[opendtv] Re: Is 'Fair Use' in Peril?

  • From: Craig Birkmaier <craig@xxxxxxxxx>
  • To: opendtv@xxxxxxxxxxxxx
  • Date: Fri, 3 Dec 2004 09:30:14 -0500

At 11:53 AM -0500 12/2/04, Manfredi, Albert E wrote:
>Even if what you claim above ever comes to pass, you
>would still need to show that the direct sales
>revenues would be far, far greater than the revenues
>after the direct sales period. These are very simply
>different business models, which can perfectly well
>coexist. No one is forced to watch ads. Just buy the
>DVD boxed sets of TV shows, if you prefer.

Duh.

Have you ever looked at the revenue windows for theatrical releases?

In "some" cases the theatrical release window is large; in many cases 
it is relatively small. What is important here is that it is FIRST, 
and it garners the highest premium, although the revenues are split 
between the content and theater owners. In many cases movies are only 
in the theaters for a week or two - the real economic window for 
these movies is the next step in the distribution process...packaged 
media release.

It is not uncommon today for a theatrical feature to make MORE money 
in the packaged media release window than in the theaters. This is 
true for the blockbusters, and is especially true for the movies that 
do not stay in theaters for long. It is a fact that Hollywood makes 
more money on packaged media sales than theater box office receipts.

Next on the list is the PAID viewing window. This includes 
hospitality release (hotels, ships,  airlines, etc.), movie package 
service (HBO, Starz, Showtime, etc), NVOD, and VOD. This is much 
smaller than the revenues from packaged media sales.

Next comes advertiser supported TV release. Except for the 
blockbusters, this is just end of life pricing, after the real 
revenues have been collected.

Bottom line, it is EASY to demonstrate that direct sales revenues are 
already far, far greater than the revenues after the direct sales 
period for theatrical and certain kinds of TV releases (e.g the 
episodic programs created for paid services like HBO and Showtime. 
Currently, the first run on the networks is comparable to theatrical 
release; most of the money is collected AFTER the program goes into 
syndication.

>If someone were out to replace the radio and TV
>broadcast industry with a new form of high cost
>by-subscription-only news and entertainment service,
>then I might buy into the argument that ad zapping
>is nothing to worry about.
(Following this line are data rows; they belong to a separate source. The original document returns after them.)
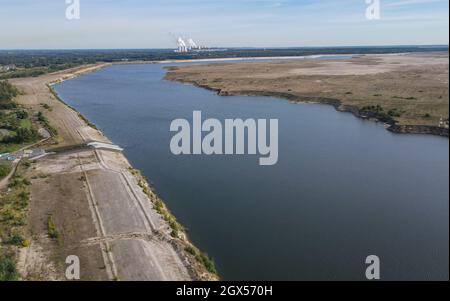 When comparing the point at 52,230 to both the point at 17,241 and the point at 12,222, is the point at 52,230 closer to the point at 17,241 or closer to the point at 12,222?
the point at 17,241

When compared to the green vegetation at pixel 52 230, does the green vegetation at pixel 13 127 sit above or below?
above

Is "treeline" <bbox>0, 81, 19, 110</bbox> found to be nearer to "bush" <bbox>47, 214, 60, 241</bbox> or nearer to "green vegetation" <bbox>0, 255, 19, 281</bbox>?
"bush" <bbox>47, 214, 60, 241</bbox>

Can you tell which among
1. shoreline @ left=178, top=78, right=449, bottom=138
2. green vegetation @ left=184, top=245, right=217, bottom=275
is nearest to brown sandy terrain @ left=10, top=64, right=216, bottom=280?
green vegetation @ left=184, top=245, right=217, bottom=275

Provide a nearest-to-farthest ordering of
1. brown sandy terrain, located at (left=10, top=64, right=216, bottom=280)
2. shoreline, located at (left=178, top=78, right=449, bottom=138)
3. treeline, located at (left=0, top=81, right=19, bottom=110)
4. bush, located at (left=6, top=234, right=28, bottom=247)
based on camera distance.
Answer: brown sandy terrain, located at (left=10, top=64, right=216, bottom=280), bush, located at (left=6, top=234, right=28, bottom=247), shoreline, located at (left=178, top=78, right=449, bottom=138), treeline, located at (left=0, top=81, right=19, bottom=110)

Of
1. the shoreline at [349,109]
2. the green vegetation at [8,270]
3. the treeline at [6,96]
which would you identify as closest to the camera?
the green vegetation at [8,270]

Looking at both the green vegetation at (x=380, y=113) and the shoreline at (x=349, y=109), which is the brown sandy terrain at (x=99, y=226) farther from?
the green vegetation at (x=380, y=113)

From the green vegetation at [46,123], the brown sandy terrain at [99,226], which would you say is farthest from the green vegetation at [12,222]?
the green vegetation at [46,123] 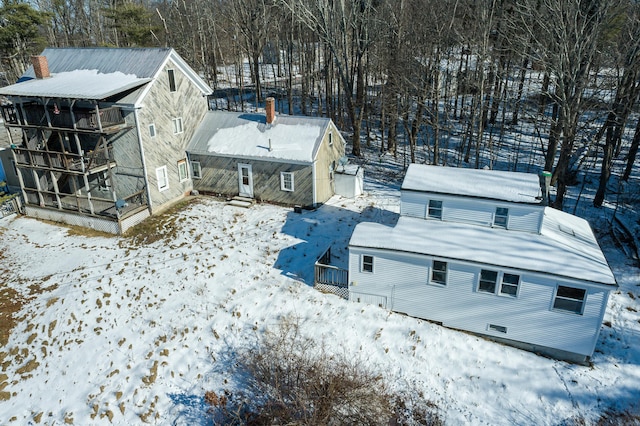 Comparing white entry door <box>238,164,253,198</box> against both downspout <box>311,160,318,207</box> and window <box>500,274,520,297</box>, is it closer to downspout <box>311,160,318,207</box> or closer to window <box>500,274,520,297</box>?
downspout <box>311,160,318,207</box>

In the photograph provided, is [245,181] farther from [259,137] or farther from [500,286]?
[500,286]

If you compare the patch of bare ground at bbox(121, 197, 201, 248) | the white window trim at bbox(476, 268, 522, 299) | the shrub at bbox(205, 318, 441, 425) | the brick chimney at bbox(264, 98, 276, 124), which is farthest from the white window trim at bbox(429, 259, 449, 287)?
the brick chimney at bbox(264, 98, 276, 124)

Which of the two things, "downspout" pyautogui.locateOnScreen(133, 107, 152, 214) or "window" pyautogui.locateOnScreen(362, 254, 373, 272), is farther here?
"downspout" pyautogui.locateOnScreen(133, 107, 152, 214)

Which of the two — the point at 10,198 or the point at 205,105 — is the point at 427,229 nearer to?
the point at 205,105

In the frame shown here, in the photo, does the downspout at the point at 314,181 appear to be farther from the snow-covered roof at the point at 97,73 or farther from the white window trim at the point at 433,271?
the white window trim at the point at 433,271

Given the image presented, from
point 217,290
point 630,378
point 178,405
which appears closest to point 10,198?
point 217,290

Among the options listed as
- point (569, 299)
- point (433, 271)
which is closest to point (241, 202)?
point (433, 271) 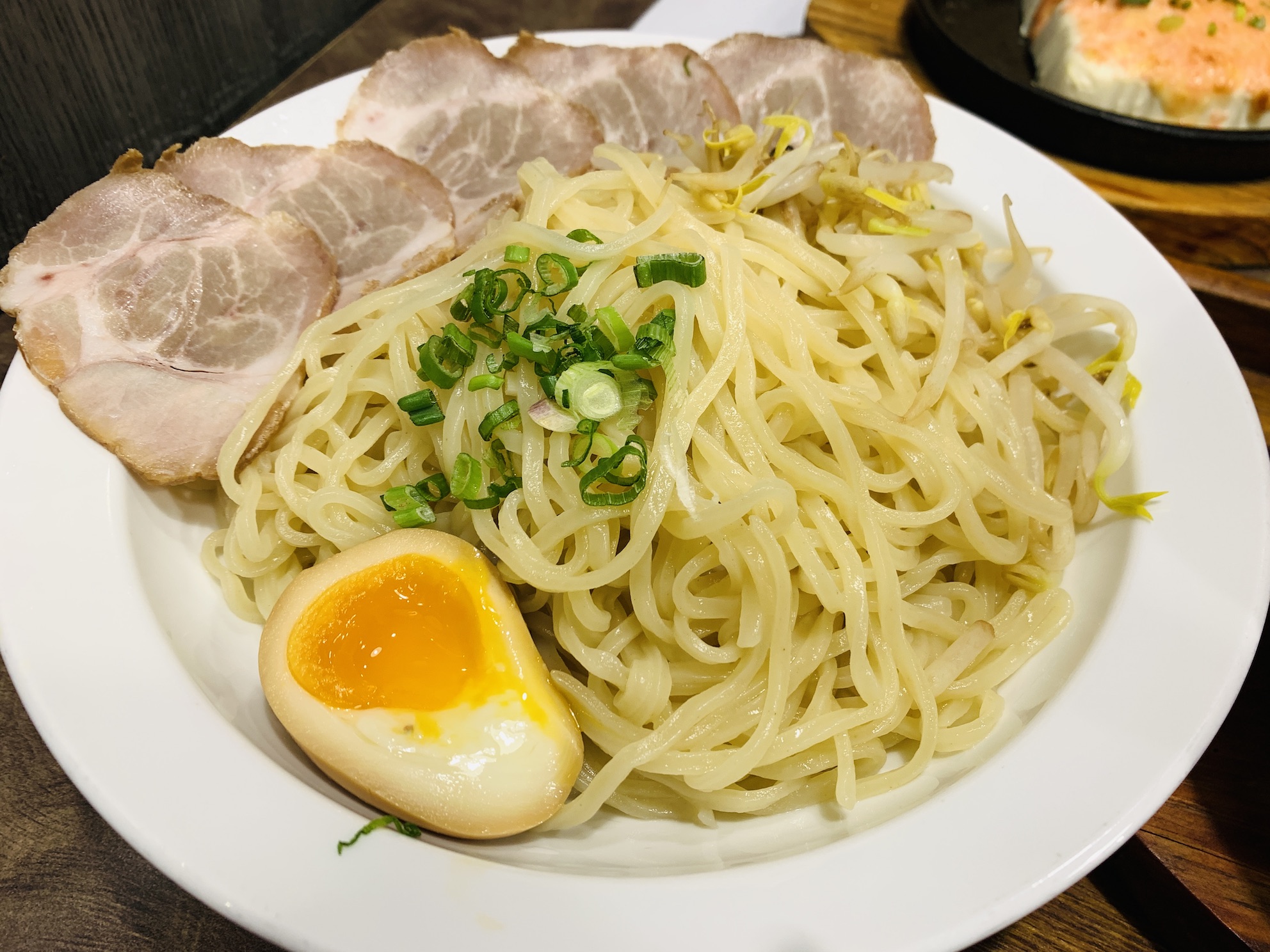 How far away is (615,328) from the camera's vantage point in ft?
6.57

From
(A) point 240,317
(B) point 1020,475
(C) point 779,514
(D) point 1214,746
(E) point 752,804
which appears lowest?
(D) point 1214,746

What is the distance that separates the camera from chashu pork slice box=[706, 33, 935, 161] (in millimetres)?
3256

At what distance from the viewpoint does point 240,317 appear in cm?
240

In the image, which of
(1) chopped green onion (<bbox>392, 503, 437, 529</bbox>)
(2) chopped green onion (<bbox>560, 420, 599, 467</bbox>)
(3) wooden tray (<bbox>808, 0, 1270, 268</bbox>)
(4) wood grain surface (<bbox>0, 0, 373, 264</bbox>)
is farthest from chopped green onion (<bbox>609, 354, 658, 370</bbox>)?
(3) wooden tray (<bbox>808, 0, 1270, 268</bbox>)

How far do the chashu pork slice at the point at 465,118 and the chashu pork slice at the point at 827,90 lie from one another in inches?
32.5

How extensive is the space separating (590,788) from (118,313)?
1868 mm

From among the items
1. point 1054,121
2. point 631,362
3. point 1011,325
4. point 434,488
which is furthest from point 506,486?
point 1054,121

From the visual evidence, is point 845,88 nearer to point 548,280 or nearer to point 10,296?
point 548,280

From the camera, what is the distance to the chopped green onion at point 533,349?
1977 mm

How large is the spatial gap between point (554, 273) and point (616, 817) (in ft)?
4.69

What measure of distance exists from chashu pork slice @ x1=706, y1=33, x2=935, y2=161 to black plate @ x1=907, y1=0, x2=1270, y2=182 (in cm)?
99

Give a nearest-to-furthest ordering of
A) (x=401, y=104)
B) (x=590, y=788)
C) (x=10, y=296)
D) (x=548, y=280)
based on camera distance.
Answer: (x=590, y=788)
(x=548, y=280)
(x=10, y=296)
(x=401, y=104)

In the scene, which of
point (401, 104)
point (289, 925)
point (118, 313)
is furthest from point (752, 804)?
point (401, 104)

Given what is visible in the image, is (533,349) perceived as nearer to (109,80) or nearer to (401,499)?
(401,499) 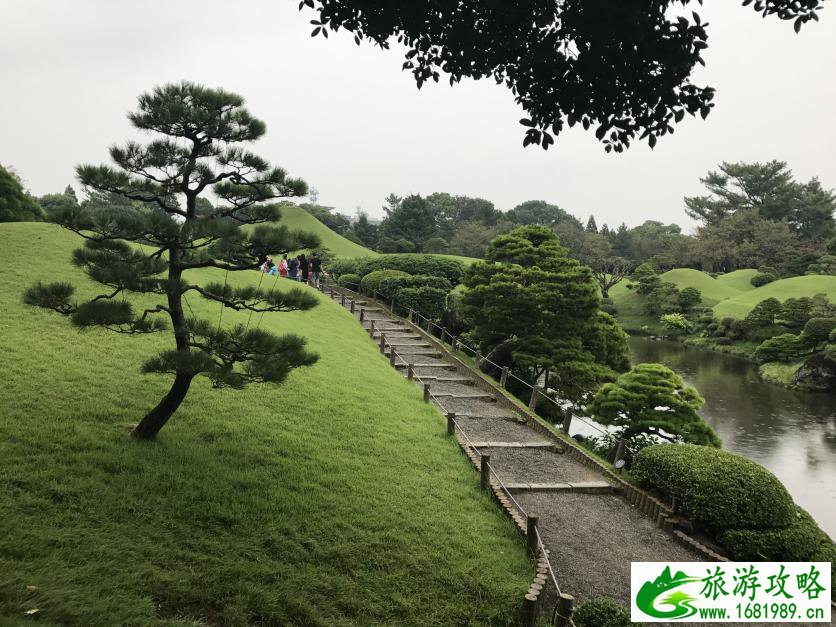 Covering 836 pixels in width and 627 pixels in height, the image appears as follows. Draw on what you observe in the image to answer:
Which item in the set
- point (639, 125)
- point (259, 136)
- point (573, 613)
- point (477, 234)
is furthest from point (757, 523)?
point (477, 234)

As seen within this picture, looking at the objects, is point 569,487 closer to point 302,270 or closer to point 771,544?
point 771,544

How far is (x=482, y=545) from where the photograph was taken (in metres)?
7.46

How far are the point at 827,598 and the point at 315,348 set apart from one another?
1222cm

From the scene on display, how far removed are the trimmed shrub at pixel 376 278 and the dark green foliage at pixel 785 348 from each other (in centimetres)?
2096

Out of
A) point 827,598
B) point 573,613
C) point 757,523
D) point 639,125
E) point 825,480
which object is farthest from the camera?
point 825,480

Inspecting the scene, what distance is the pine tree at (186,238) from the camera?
21.8ft

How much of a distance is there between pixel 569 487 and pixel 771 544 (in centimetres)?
324

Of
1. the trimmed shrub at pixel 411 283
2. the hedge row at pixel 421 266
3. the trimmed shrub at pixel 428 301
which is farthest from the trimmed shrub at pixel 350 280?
the trimmed shrub at pixel 428 301

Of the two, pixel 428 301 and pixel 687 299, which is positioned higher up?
pixel 428 301

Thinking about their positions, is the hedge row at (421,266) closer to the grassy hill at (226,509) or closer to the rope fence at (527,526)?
the rope fence at (527,526)

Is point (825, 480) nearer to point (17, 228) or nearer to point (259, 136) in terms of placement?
point (259, 136)

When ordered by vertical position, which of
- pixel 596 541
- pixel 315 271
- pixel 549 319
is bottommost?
pixel 596 541

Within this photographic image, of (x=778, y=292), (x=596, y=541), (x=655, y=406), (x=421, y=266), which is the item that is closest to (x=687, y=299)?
(x=778, y=292)

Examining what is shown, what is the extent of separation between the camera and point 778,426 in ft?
65.1
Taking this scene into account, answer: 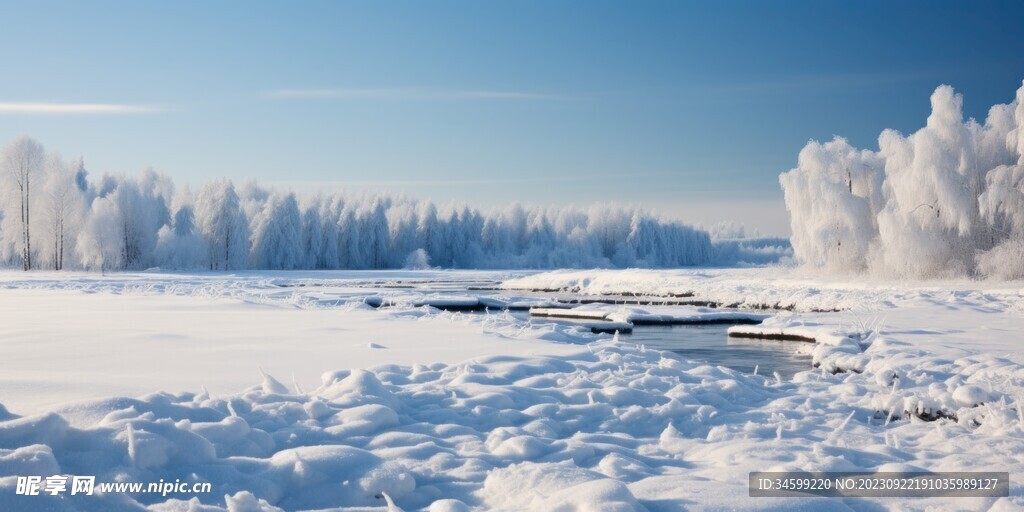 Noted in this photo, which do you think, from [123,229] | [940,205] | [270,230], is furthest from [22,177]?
[940,205]

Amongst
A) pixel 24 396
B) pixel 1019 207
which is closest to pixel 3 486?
pixel 24 396

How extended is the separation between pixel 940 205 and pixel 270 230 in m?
55.2

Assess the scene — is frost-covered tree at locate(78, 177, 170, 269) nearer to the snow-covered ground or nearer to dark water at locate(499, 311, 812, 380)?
the snow-covered ground

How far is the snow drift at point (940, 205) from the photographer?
87.4 feet

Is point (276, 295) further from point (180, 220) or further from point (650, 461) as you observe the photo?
point (180, 220)

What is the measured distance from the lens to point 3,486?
339cm

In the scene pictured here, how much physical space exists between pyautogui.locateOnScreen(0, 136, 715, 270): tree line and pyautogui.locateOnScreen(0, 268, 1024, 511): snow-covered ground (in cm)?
4207

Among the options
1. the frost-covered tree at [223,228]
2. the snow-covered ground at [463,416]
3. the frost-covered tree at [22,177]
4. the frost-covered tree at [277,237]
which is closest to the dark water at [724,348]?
the snow-covered ground at [463,416]

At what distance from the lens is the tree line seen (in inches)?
1847

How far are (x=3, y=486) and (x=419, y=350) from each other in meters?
6.31

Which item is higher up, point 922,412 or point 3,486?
point 3,486

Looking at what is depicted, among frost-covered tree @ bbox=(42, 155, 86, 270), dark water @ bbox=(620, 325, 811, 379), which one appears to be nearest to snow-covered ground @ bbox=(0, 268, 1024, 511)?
dark water @ bbox=(620, 325, 811, 379)

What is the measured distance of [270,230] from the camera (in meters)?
64.5

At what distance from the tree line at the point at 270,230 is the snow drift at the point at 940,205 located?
1831 inches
It's patently obvious that
>if you take away the revenue source from any given
>industry, that industry won't survive. Duh!

Hmmmm....

I think this has already happened Bert. There are MANY ways to buy 
content directly today. 85% of the country pays for a multichannel 
advertiser supported TV service, and about 30 % pay for premium 
channels. Virtually ALL of us buy packaged media.

Now people are paying about $10/month for satellite radio. The 
PRIMARY motivation to date has been to avoid ads.